(Brief descriptive captions)
----------

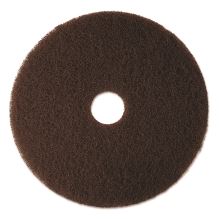 Low-Speed High Productivity Floor Pads 7100, 21" Diameter, Brown, 5/Carton1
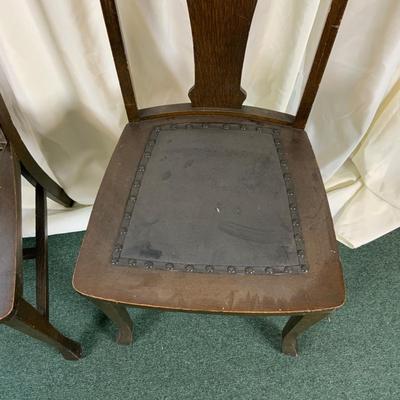 Lot 428 | Two Dining Chairs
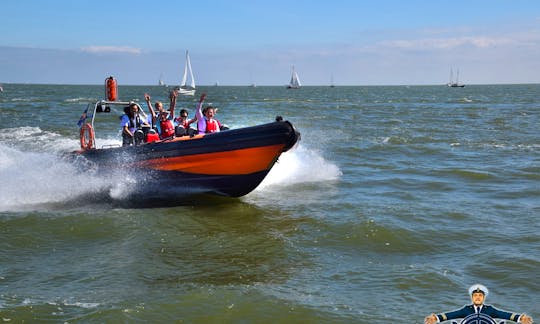 Charter a Rigid Inflatable Boat in Volendam, Noord-Holland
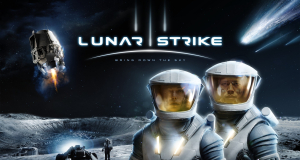 Lunar Strike presents a dark but strikingly realistic vision of the future of space exploration
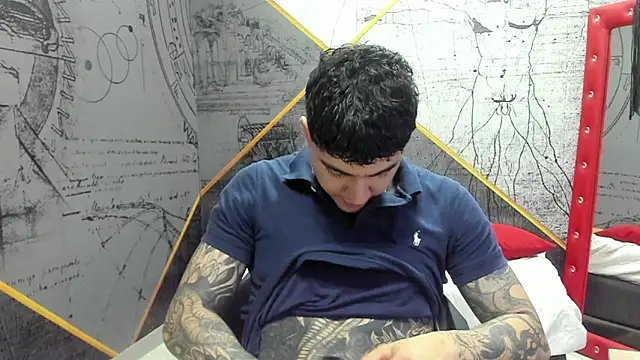 Snapshot of Gury_tattoo chatting on 04.18.26 Gury tattoo online show from 04.18.26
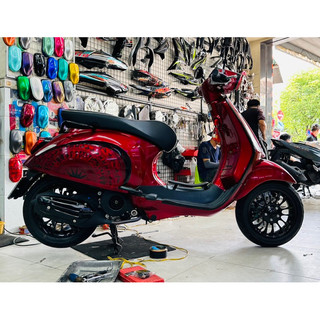 Tem Vespa Sprint/Primavera Trống Đồng Chống Thấm Nước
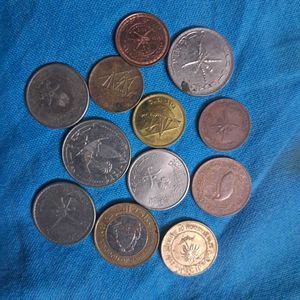 10VintageForeignCoins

----------

▶ Instructions for the task
Make an exact copy of the records above, with the pictures left out.

▶ Task response
 Low-Speed High Productivity Floor Pads 7100, 21" Diameter, Brown, 5/Carton1
 Lot 428 | Two Dining Chairs
 Charter a Rigid Inflatable Boat in Volendam, Noord-Holland
 Lunar Strike presents a dark but strikingly realistic vision of the future of space exploration
 Snapshot of Gury_tattoo chatting on 04.18.26 Gury tattoo online show from 04.18.26
 Tem Vespa Sprint/Primavera Trống Đồng Chống Thấm Nước
 10VintageForeignCoins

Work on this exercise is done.